■ Stored data ■
----------------------------------------
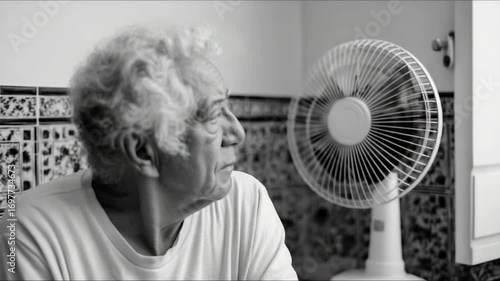 elderly Spanish man sitting indoors with portable fan blowing, Mediterranean European appearance, traditional Spanish tile decor, documentary muted Spain heatwave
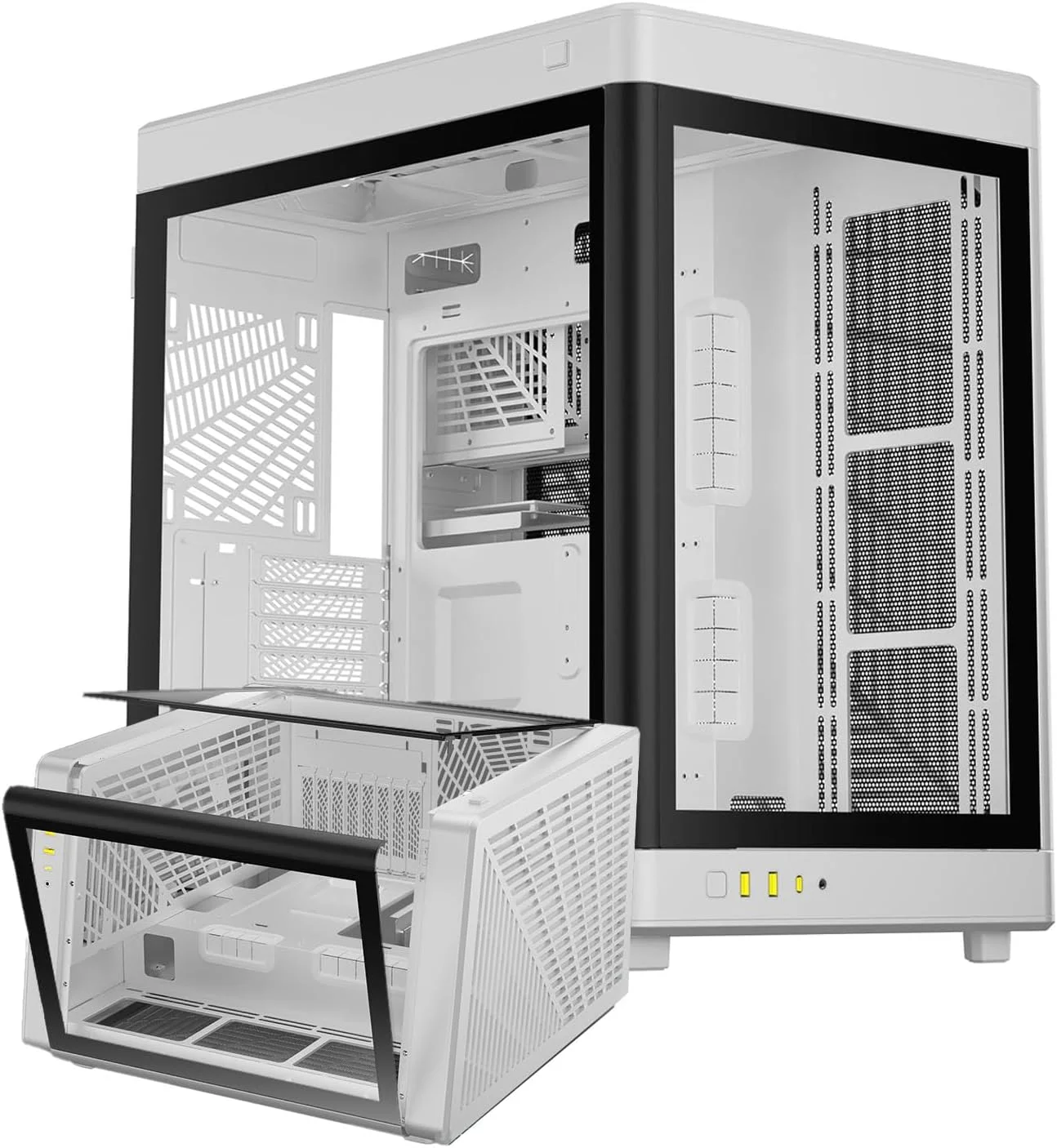 کیس کامپیوتر گیمینگ GAMDIAS RGB با محفظه دوگانه و شیشه حرارت دیده پانوراما؛ قابلیت ایستادن به دو صورت عمودی و افقی با باز شدن با یک لمس؛ پشتیبانی از خنک کننده مایع 420 میلی‌متری و فضای بزرگ مدیریت کابل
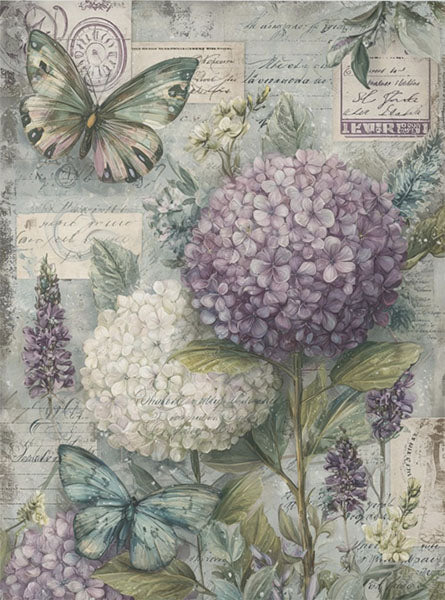Decoupage Tissue Paper - Hydrangeas & Butterflies Manuscript (45.72cm x 60.96cm)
----------------------------------------
■ Exercise objective ■
In repeating the lines above, keep the wording exact and leave every picture out.

■ Exercise answer ■
 elderly Spanish man sitting indoors with portable fan blowing, Mediterranean European appearance, traditional Spanish tile decor, documentary muted Spain heatwave
 کیس کامپیوتر گیمینگ GAMDIAS RGB با محفظه دوگانه و شیشه حرارت دیده پانوراما؛ قابلیت ایستادن به دو صورت عمودی و افقی با باز شدن با یک لمس؛ پشتیبانی از خنک کننده مایع 420 میلی‌متری و فضای بزرگ مدیریت کابل
Decoupage Tissue Paper - Hydrangeas & Butterflies Manuscript (45.72cm x 60.96cm)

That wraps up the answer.